Maybe some day I should do some testing..

I've never used anything but the K&M. It's a nice seater, but I notice it would be impossible to seat with it, to a set crush, -by feel. No Way.
It would be interesting to do some testing with the Sinclair wonder seater that looks so nice. I could measure things out with the K&M, seat by feel with Sinclair, and remeasure to see how I did with the K&M.
But I can't see spending so much on a seater that I highly doubt can seat with K&M's precision.

Anyway, as far as consistant seating w/resp to 'flush', this of coarse could be achieved with pockets milled to a standard depth. So if not acounting for primer thickness variance, I would at minimum uniform the pockets ..
 
Virtually all of the short range Benchrest shooters that I have seen load, between matches at the range, seat primers by feel. It is easy. Lets not make buttering bread into an engineering problem. Seat the primer till you feel it bottom and then compress it a little more. A hand tool makes this easy.
 
I'm going along with BoydAllen on this one. Make sure your pockets are clean, so the primer bottoms out on brass, and the primer is below the case head.
I don't think any fancy tools are required to determine primer depth, and I doubt the depth variation will show up on the paper.

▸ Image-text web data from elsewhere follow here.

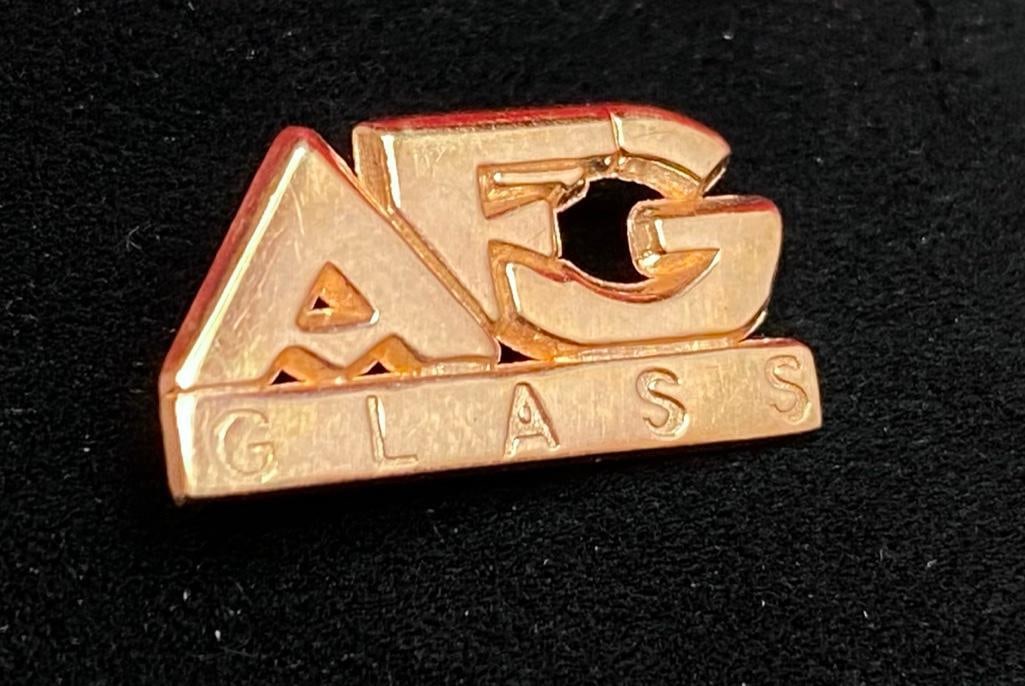 10k Pin Award AFG Glass: This piece of jewelry has been tested and researched prior to testing . Please view all our pictures they are part of our description. DETAILS: Metal - 10k gold Color - yellow gold Stones - non
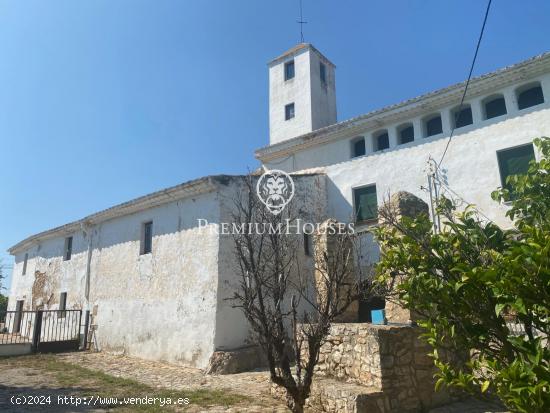 Masia a la venta en Vilanova i la Geltru con 3 hectáreas de terreno - BARCELONA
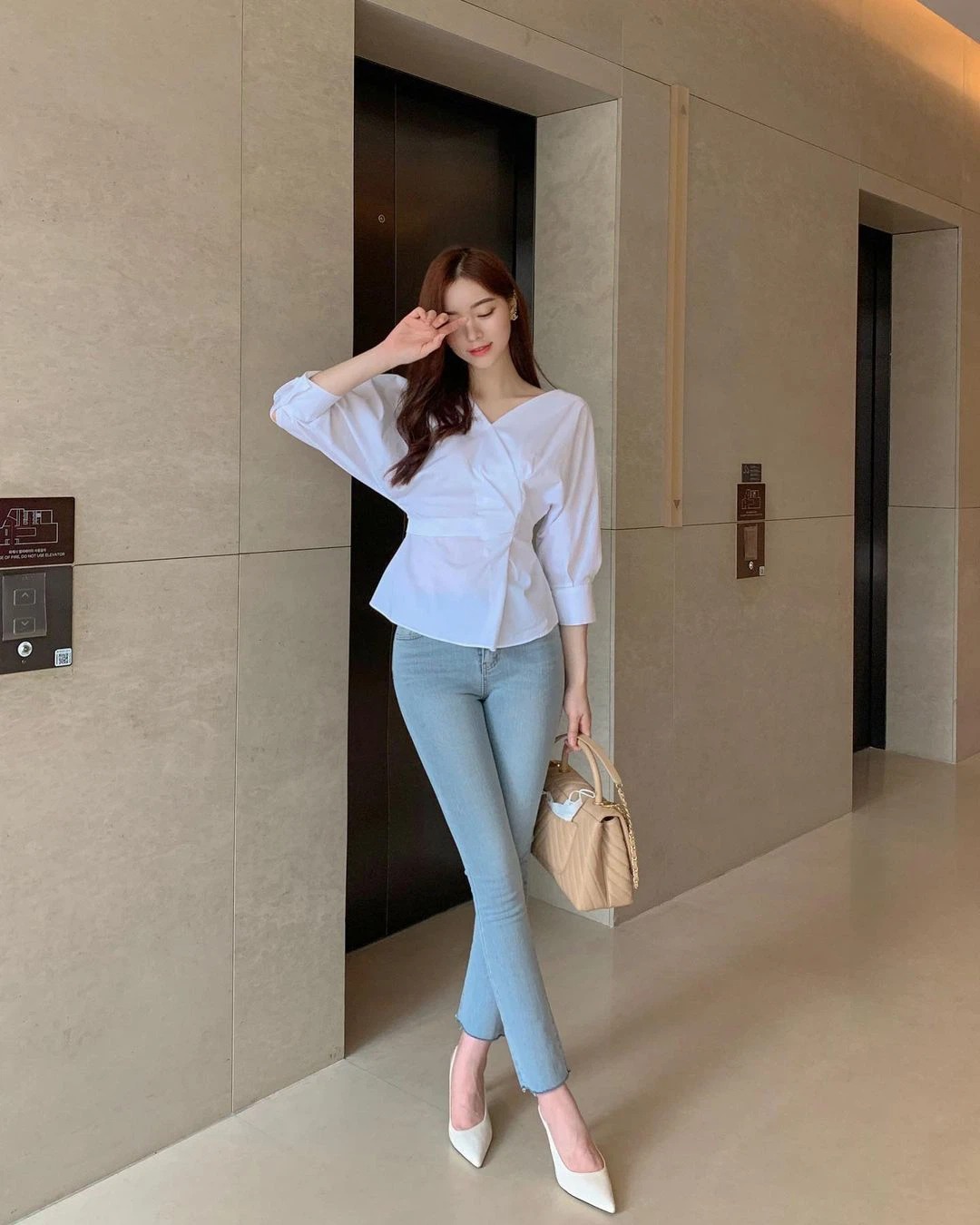 Loạt items 'chống nóng' cho nàng công sở độ hè sang 12 Loạt items 'chống nóng' cho nàng công sở độ hè sang 12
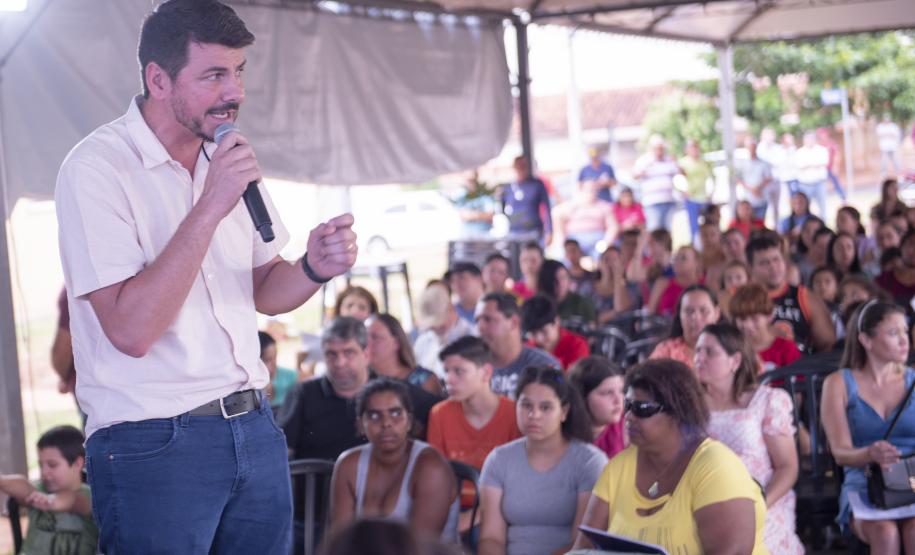 Famílias de Moreira Sales recebem as chaves da casa própria após subsídio do Estado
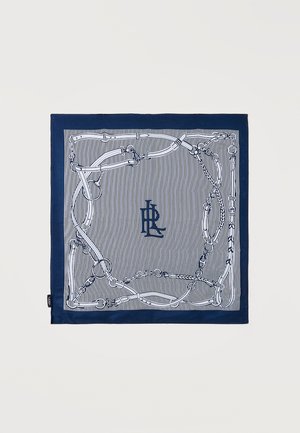 Temno modra kvadratna ruta z ozkimi belimi navpičnimi črtami, belim vzorcem jahalnega ovratnika ob robovih in prepletenim monogramom "RL" na sredini.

I seat all primers by feel with a hand seater, and have never had a F.T.F. And both of my BRs shoot just fine.
This part is not rocket science, in my opinion.
Mike.
 
over the yrs I have seen several tools and methods used to seat the primers ....to me it seems like how to open a bottol-0-pop,,,just pull on it till it fizzzess....hahah....there are tools that uniform the poket depth ...and tools that seat to a millionth of an inch below flush etc...but every tool and every method relies on the rim to do the pushin....and the rims vary in thicness!! hmmmmm....I use a Lee primer tool (12 $$) and just seat em till there is a lil crush .....so far so good... spend your money on a good powder measure (not on labratory scales or 200$$ primer tools...) I try to use tools and methods that can work on the tailgate of my truck in a hailstorm out on the range...Roger
 
Been loading match quality ammunition since 1960, and never realized seating primers was such a scientific and complex issue. Always have seated them 'til I feel them bottom out, which ends up being slightly below flush. Is it .002", .004" or ? Don't know and don't care. Cannot remember the last primer mis-fire I've had, and I average 3K to 4K per year.